LONDON (Reuters) - A British-led investor group is lining up U.S. and European pension funds to help improve long-term corporate governance standards in Japan, after the failure of several short-term activist shareholder plays there, a director on the project said.
The Japan Engagement Consortium, set up by British fund manager Governance for Owners with Tokio Marine Asset Management in December last year, aims to engage with Japanese company boards to improve long-term shareholder returns.
Last year, activist funds The Children’s Investment Fund and Steel Partners started scaling back investments in Japan after failing to make much headway with company directors.
“Investors in Japan have had a tough time trying to push through change in terms of Western best practices,” said Simon Wong, managing director at fund manager Governance for Owners.
“Those who have done it realise that a different approach might be suitable,” he told Reuters.
Wong -- who started at Governance for Owners this week -- said the challenge was to arrive at “Japanese way” of corporate governance acceptable to both domestic and foreign investors.
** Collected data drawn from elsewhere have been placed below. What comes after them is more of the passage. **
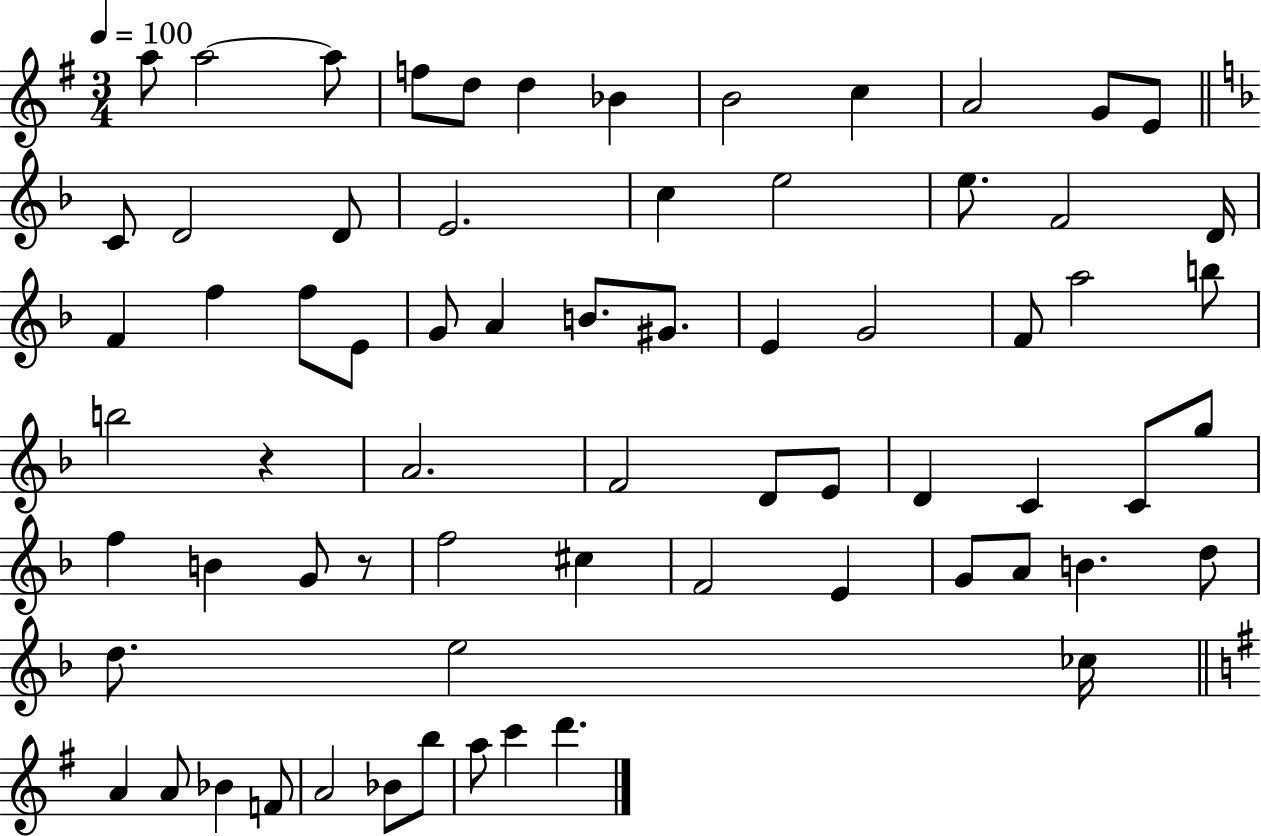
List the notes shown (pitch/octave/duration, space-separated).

A5/e A5/h A5/e F5/e D5/e D5/q Bb4/q B4/h C5/q A4/h G4/e E4/e C4/e D4/h D4/e E4/h. C5/q E5/h E5/e. F4/h D4/s F4/q F5/q F5/e E4/e G4/e A4/q B4/e. G#4/e. E4/q G4/h F4/e A5/h B5/e B5/h R/q A4/h. F4/h D4/e E4/e D4/q C4/q C4/e G5/e F5/q B4/q G4/e R/e F5/h C#5/q F4/h E4/q G4/e A4/e B4/q. D5/e D5/e. E5/h CES5/s A4/q A4/e Bb4/q F4/e A4/h Bb4/e B5/e A5/e C6/q D6/q.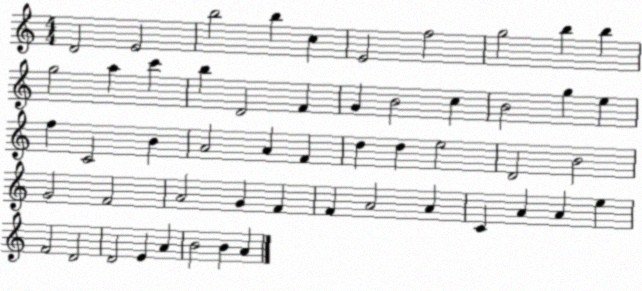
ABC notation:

X:1
T:Untitled
M:4/4
L:1/4
K:C
D2 E2 b2 b c E2 f2 g2 b b g2 a c' b D2 F G B2 c B2 g e f C2 B A2 A F d d e2 D2 B2 G2 F2 A2 G F F A2 A C A A e F2 D2 D2 E A B2 B A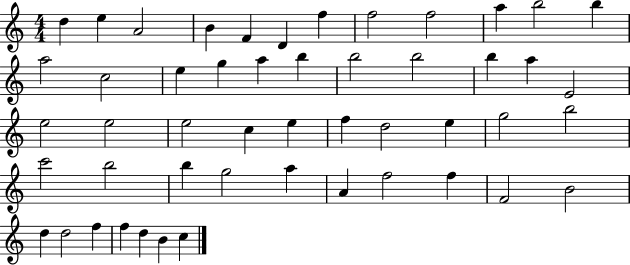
X:1
T:Untitled
M:4/4
L:1/4
K:C
d e A2 B F D f f2 f2 a b2 b a2 c2 e g a b b2 b2 b a E2 e2 e2 e2 c e f d2 e g2 b2 c'2 b2 b g2 a A f2 f F2 B2 d d2 f f d B c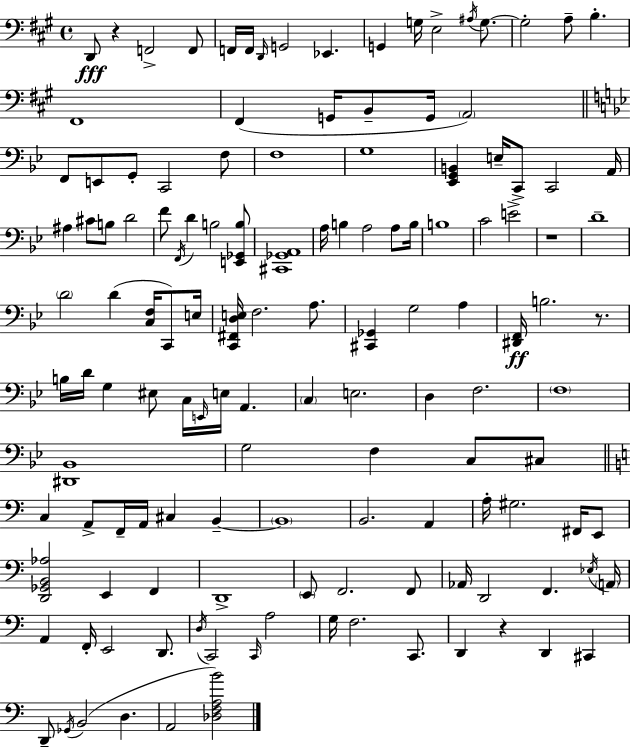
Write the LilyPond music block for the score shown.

{
  \clef bass
  \time 4/4
  \defaultTimeSignature
  \key a \major
  d,8\fff r4 f,2-> f,8 | f,16 f,16 \grace { d,16 } g,2 ees,4. | g,4 g16 e2-> \acciaccatura { ais16 } g8.~~ | g2-. a8-- b4.-. | \break fis,1 | fis,4( g,16 b,8-- g,16 \parenthesize a,2) | \bar "||" \break \key bes \major f,8 e,8 g,8-. c,2 f8 | f1 | g1 | <ees, g, b,>4 e16-- c,8-> c,2 a,16 | \break ais4 cis'8 b8 d'2 | f'8 \acciaccatura { f,16 } d'4 b2 <e, ges, b>8 | <cis, ges, a,>1 | a16 b4 a2 a8 | \break b16 b1 | c'2 e'2-> | r1 | d'1-- | \break \parenthesize d'2 d'4( <c f>16 c,8) | e16 <c, fis, d e>16 f2. a8. | <cis, ges,>4 g2 a4 | <dis, f,>16\ff b2. r8. | \break b16 d'16 g4 eis8 c16 \grace { e,16 } e16 a,4. | \parenthesize c4 e2. | d4 f2. | \parenthesize f1 | \break <dis, bes,>1 | g2 f4 c8 | cis8 \bar "||" \break \key a \minor c4 a,8-> f,16-- a,16 cis4 b,4--~~ | \parenthesize b,1 | b,2. a,4 | a16-. gis2. fis,16 e,8 | \break <d, ges, b, aes>2 e,4 f,4 | d,1-> | \parenthesize e,8 f,2. f,8 | aes,16 d,2 f,4. \acciaccatura { ees16 } | \break \parenthesize a,16 a,4 f,16-. e,2 d,8. | \acciaccatura { d16 } c,2 \grace { c,16 } a2 | g16 f2. | c,8. d,4 r4 d,4 cis,4 | \break d,8-- \acciaccatura { ges,16 }( b,2 d4. | a,2 <des f a b'>2) | \bar "|."
}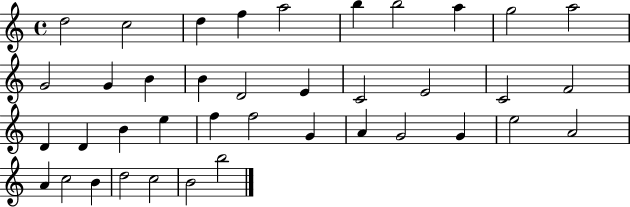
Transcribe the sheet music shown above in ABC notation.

X:1
T:Untitled
M:4/4
L:1/4
K:C
d2 c2 d f a2 b b2 a g2 a2 G2 G B B D2 E C2 E2 C2 F2 D D B e f f2 G A G2 G e2 A2 A c2 B d2 c2 B2 b2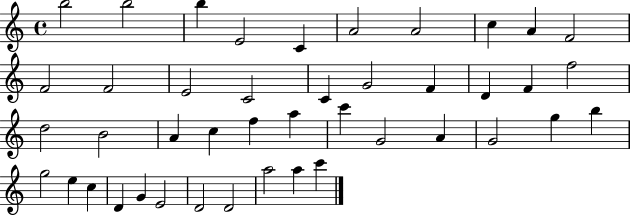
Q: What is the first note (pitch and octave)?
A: B5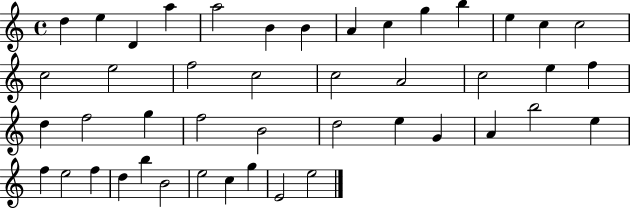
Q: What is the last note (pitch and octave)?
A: E5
“We have been in discussions with European and North American pension schemes and some have expressed serious interest in the consortium,” he said.
The Universities Superannuation Scheme and the Railways Pension Schemes - two of Britain’s largest pension schemes- have already signed up to the consortium.
London-based TCI last year sold its 10 percent stake in electricity wholesaler J-Power back to the company after it was defeated in a proxy battle aimed at securing a higher dividend and putting a limit on cross-shareholdings with banks.
U.S. hedge fund Steel Partners did win a rare victory when it toppled the board of loss-making wigmaker Aderans Holdings in May, but has been selling down other holdings after struggling to win concessions from management.
Unlike activist investors, who have tended to dictate terms to Japanese boards, Governance for Owners hopes its softly-softly approach will succeed where others have failed.
“It’s important for the engagement to take place in private in a constructive way, rather than in a confrontational manner,” GO executive director Toshi Oguchi said.
“We engage with companies on behalf of our members to improve long-term investor value, unlike others we are not short-termist.”
Oguchi said the long-term nature of its members’ interests meant that the JEC was in no hurry to see immediate progress.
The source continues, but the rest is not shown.